By filling our synthesizers with pianos and saxophones, have we actually lost their real identity? Sure, there's a place for all this kind of stuff, but I suggest that the synth could have been a different kind of instrument altogether and might have been the catalyst for a new kind of musician. I'm not talking about a computer operator type who is more interested in when to trigger a sample, or who inputs melodies in step time. I mean someone who can perform in ways we've not seen yet — unhandicapped by how many keys they can press on their master keyboard, and for whom a single note might be manipulated musically, using a whole variety of controls that we've not even imagined.

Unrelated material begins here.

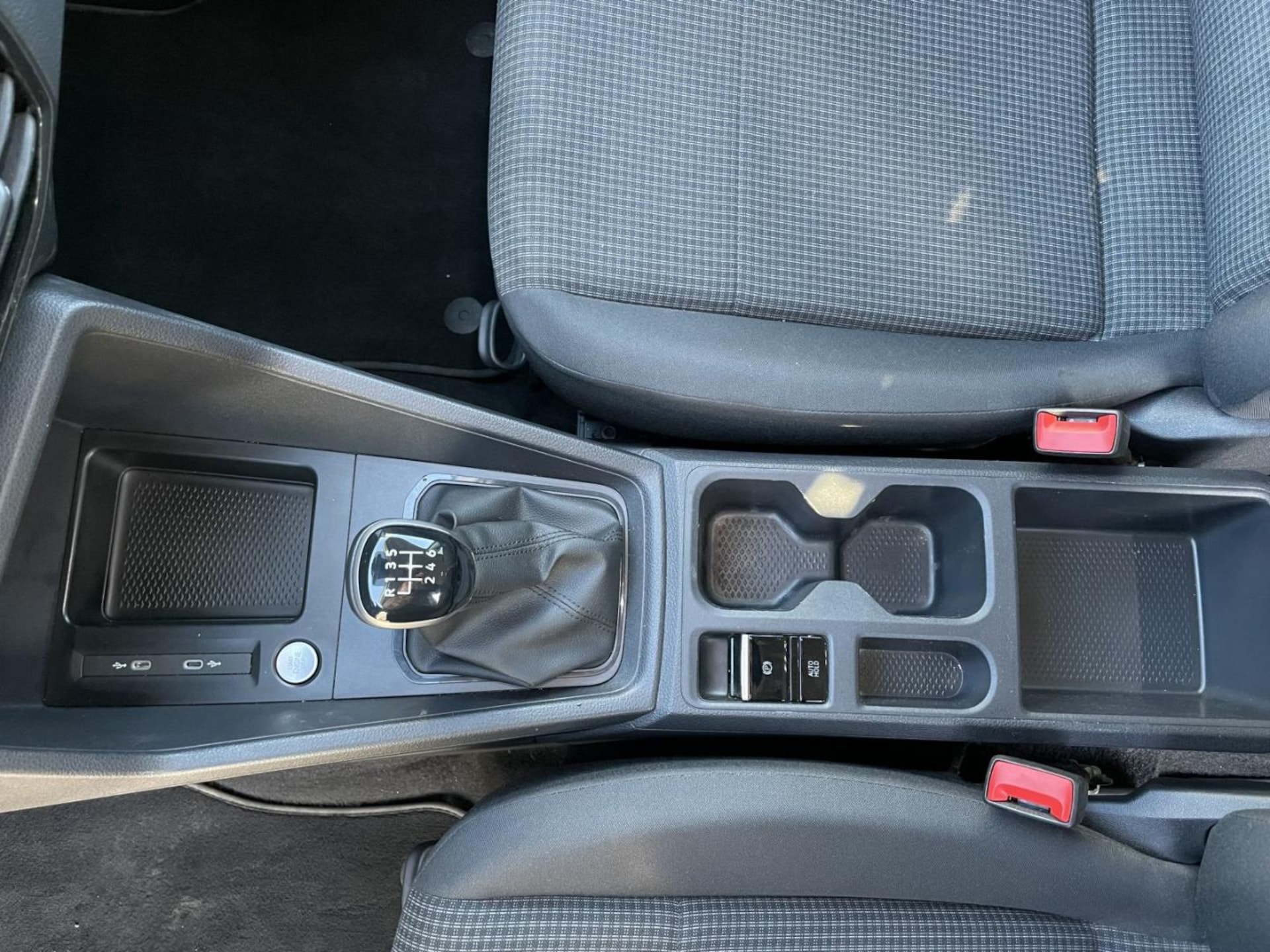 Volkswagen Caddy Maxi Basis-Modell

I don't know who it was that said it set synths back years by putting keyboards on them [It was Ian Craig Marsh of the Human League MkI actually — Smartarse Ed], but it is a view with which I can sympathise to some extent. I hope instruments like the Korg Prophecy with its small keyboard, log controllers and knobs are only the first step in recovering some of the ground lost in recent years to the marvels of PCM playback. Great though this instrument is, I'd happily trim off the virtual flutes, brass and guitars in favour of even more performance controls. Maybe a couple of joysticks, some sliders, a proportional pitch controller (some old ARP synths had these — they were rubber pads that generated vibrato when you pushed). Hell, why not a built‑in laser harp, MIDI glove and a velocity‑sensitive foot pedal that you could stomp on? Sadly, such physical things are relatively expensive. And this isn't the whole story. Why, for example, don't more synths have polyphonic aftertouch? Is it purely down to cost, or is it also because of the additional MIDI data that would be generated, effectively pouring syrup into all those poor computers? I'm sure that with some new ideas on the control front, the synthesizer can rekindle the spirit of the Yamaha CS80, the Minimoog or the great modular systems.

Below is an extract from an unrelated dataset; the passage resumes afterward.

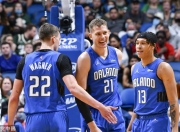 乐鱼体育课程-雄鹿逆转雷霆，豪取双杀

I don't want to spend my time with a collection of antique synths that insist on going out of tune in the middle of my big solo. I like new toys as much as anyone, but it's funny that the two synths that have impressed me most in recent years have both been monophonic. Maybe it's something about my age, but suddenly I don't want to cut my hair anymore. Who knows, maybe you'll see me on stage soon with a cape on — or some other kind of poultry.